Sunday, June 19, 2011

My Father





from M. (2006)

for M. (2011)

with love & understanding.



Once, as a child, I sat down next to my father, his face covered in stubble that I would one day be able to replicate with much greater density, to watch him build a fire in our basement. It was not a particularly cold day, as I recall, but the house’s heater was broken and my mother was complaining from what she perceived to be a chill. I sat there, sipping chocolate milk out of the container, and watched him, wide-eyed, as he arranged logs in the belly of our black iron stove.
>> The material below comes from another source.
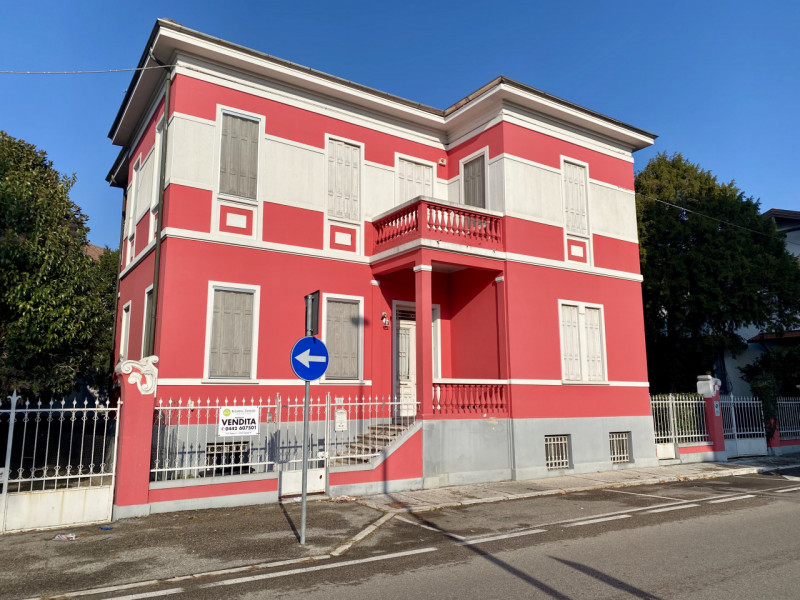 Villa in vendita a Legnago, 6 locali, zona Località: Legnago - Centro, prezzo € 250.000 | PortaleAgenzieImmobiliari.it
He was meticulous in his arrangement, telling me that there was a certain way to do it, so as each log would burn off each other, fall into one another, allowing for maximum warmth. I listened as he crumpled up the parts of the newspaper that none of us in the house ever read, or really had any reason to read. The crinkles were coupled with my slurping of milk, creating a cacophony that I found infinitely enjoyable. He tucked those balls of stock reports and indices deep into the hidden pockets between the logs, snug and nestled into their chambers of assured destruction. He smiled at me as he lit a long match and let it linger next to one ball then another and another until each caught fire and began to curl into itself. The wood, as I recall, was quite dry and did not take long to catch fire itself. Having finished my milk, I crawled into his lap and we watched together as each piece of wood caught fire, flames licking the top of the stove, and I could feel both the heat of the fire and my father’s breathing body. He held me, as we both became entranced by the flames, becoming near blinding bushes of light, reflected off my father’s glasses and onto my skin. My father closed the door to the stove as I fell deeper into the pockets of his arms, and heard the sound of the logs falling into each other which felt so distant, yet near, from the place that I was now.